MOSCOW (AP) — Wall Street Journal reporter Evan Gershkovich filed an appeal Tuesday to be released from jail on espionage charges, but the Moscow City Court did not immediately rule on the matter, causing confusion in Russian media that reported conflicting results from the closed-door session.
The court said in a statement that it returned Gershkovich’s case to a lower court due to procedural violations. State news agency Tass reported that the court had rejected Gershkovich’s appeal, meaning he will remain jailed until November 30.
Before the session adjourned, Gershkovich appeared in the defendants’ glass cage, smiling at reporters and dressed in a yellow sweater and blue jeans. He was arrested in March, during a reporting trip to the city of Yekaterinburg, about 2,000 kilometers (1,200 miles) east of Moscow.
The judicial process is closed because prosecutors say the details of the criminal case are classified. Gershkovich last appeared in court in August, when a judge ruled that she must remain in prison until the end of November. Gershkovich appealed that decision Tuesday.
The US ambassador to Russia, Lynne Tracy, made her fourth visit to Gershkovich on Friday, two days after the journalist’s parents appeared at UN headquarters and asked world leaders to urge Russia to release him. Tracy later said that Gershkovich “stays strong and stays on top of the news,” including the appeal from his parents.
Russia’s Federal Security Service alleged that Gershkovich, “on instructions from the American side, collected information that constituted a state secret about the activities of one of the companies of the Russian military-industrial complex.”
Gershkovich and the Journal deny the allegations, and the U.S. government declared that he was unjustly detained. Russian authorities have not detailed any evidence to support the espionage charges.

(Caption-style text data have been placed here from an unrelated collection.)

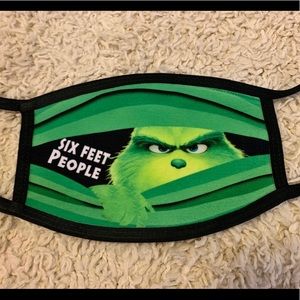 TWO grinch social distancing masks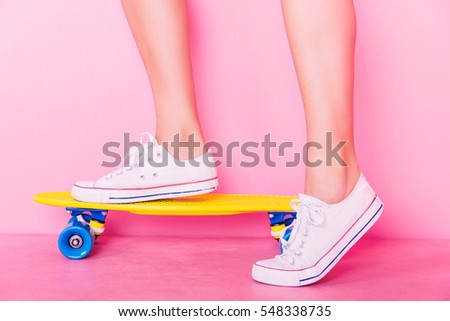 Conceptual shooting of girl's feet standing on the skateboard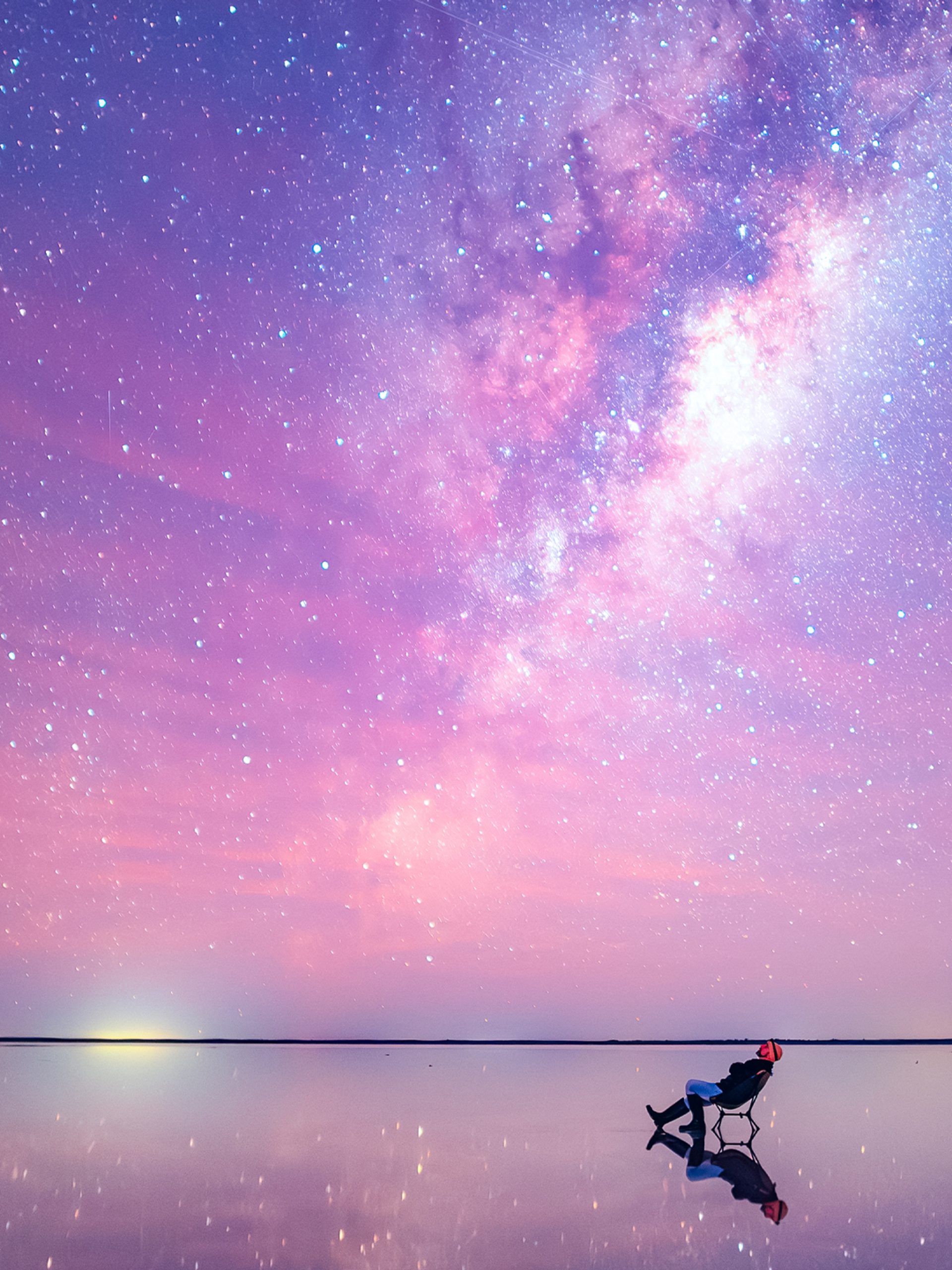 An image of a stargazer, leaning back in a chair, staring up at the sky. The image is shot in an extreme wide: the stargazer looks tiny compared to the bright, colorful and mostly pink sky, and the vast expanse of water that surrounds them. The stars are visible in a long stretch above the stargazer's head.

He is being held in Moscow’s Lefortovo prison, known for its harsh conditions.
Gershkovich is the first American reporter to face espionage charges in Russia since 1986, when Nicholas Daniloff, Moscow correspondent for US News and World Report, was arrested by the KGB.
Analysts have noted that Moscow may be using imprisoned Americans as bargaining chips after tensions between the United States and Russia soared when Russia sent troops to Ukraine. At least two American citizens arrested in Russia in recent years, including WNBA star Brittney Griner – have been exchanged for Russians imprisoned in the US.
The Russian Foreign Ministry has said it would consider a swap for Gershkovich only after a verdict in his trial. In Russia, espionage trials can last more than a year.